** WHAT IS EXPECTED **
Every line below from the one with "Here's a 2014" through the one with "Folding rotary head" is to be repeated exactly, with no picture among them.

** SUPPLIED INFORMATION **
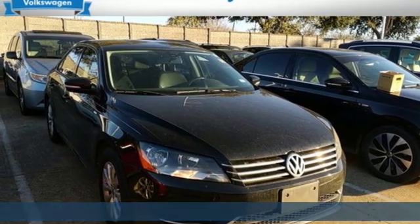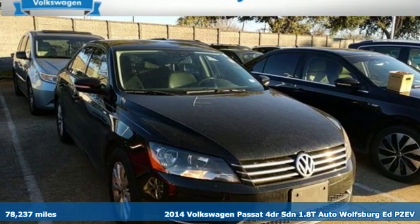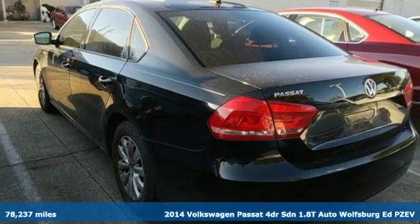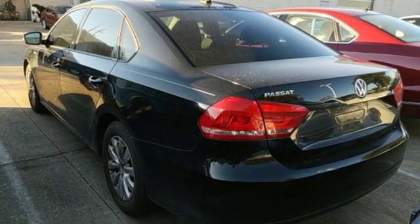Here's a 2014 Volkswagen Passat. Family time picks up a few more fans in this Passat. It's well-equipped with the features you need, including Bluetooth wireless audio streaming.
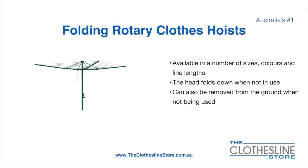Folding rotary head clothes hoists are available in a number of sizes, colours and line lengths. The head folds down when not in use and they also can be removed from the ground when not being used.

--

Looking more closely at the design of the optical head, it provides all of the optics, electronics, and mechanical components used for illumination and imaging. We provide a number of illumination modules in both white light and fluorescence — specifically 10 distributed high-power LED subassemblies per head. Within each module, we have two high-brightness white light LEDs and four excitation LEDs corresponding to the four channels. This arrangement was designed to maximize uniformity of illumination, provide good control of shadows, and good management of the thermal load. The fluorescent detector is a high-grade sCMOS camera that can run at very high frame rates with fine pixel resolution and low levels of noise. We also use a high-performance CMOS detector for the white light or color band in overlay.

** OUTPUT FOR THIS TASK **
Here's a 2014 Volkswagen Passat. Family time picks up a few more fans in this Passat. It's well-equipped with the features you need, including Bluetooth wireless audio streaming.
Folding rotary head clothes hoists are available in a number of sizes, colours and line lengths. The head folds down when not in use and they also can be removed from the ground when not being used.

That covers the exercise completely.